### DATASET CONTENT
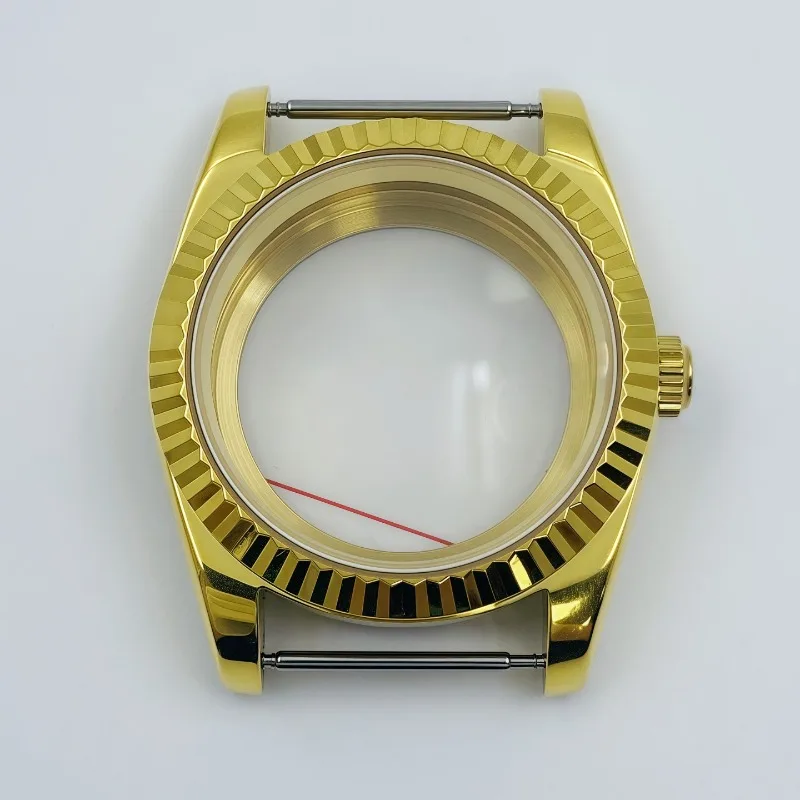 36/39 مللي متر سجل حالة كامل الذهب الكلب الأسنان حلقة حالة شطبة كثيفة أسفل اختراق ساعة حالة الياقوت ل NH35 #4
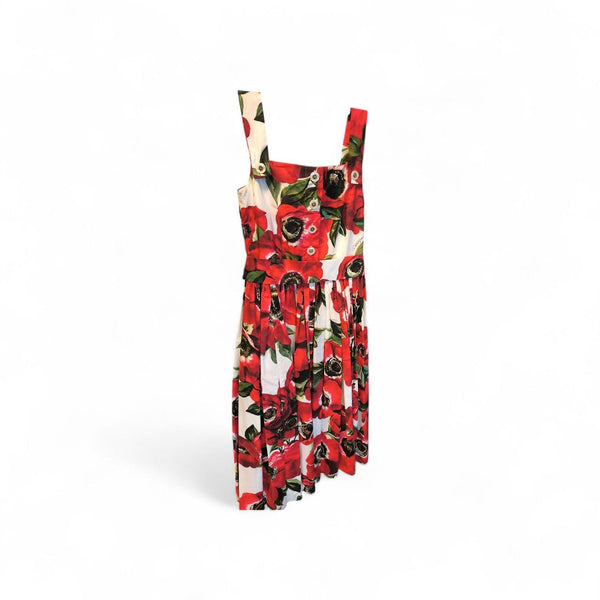 4134b Red & White Floral Strappy A Line dress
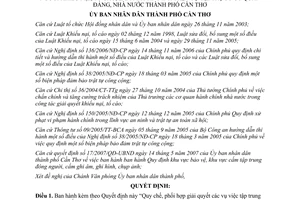 Quyết định 35/2009/QĐ-UBND giải quyết mất an ninh trật tự Cần Thơ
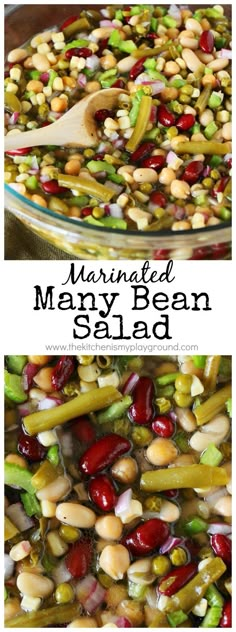 two pictures with different types of beans in them and the words, married mary bean salad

### EXERCISE
Repeat the material verbatim. Do not carry over any picture.

### RESPONSE BELOW
 36/39 مللي متر سجل حالة كامل الذهب الكلب الأسنان حلقة حالة شطبة كثيفة أسفل اختراق ساعة حالة الياقوت ل NH35 #4
 4134b Red & White Floral Strappy A Line dress
 Quyết định 35/2009/QĐ-UBND giải quyết mất an ninh trật tự Cần Thơ
 two pictures with different types of beans in them and the words, married mary bean salad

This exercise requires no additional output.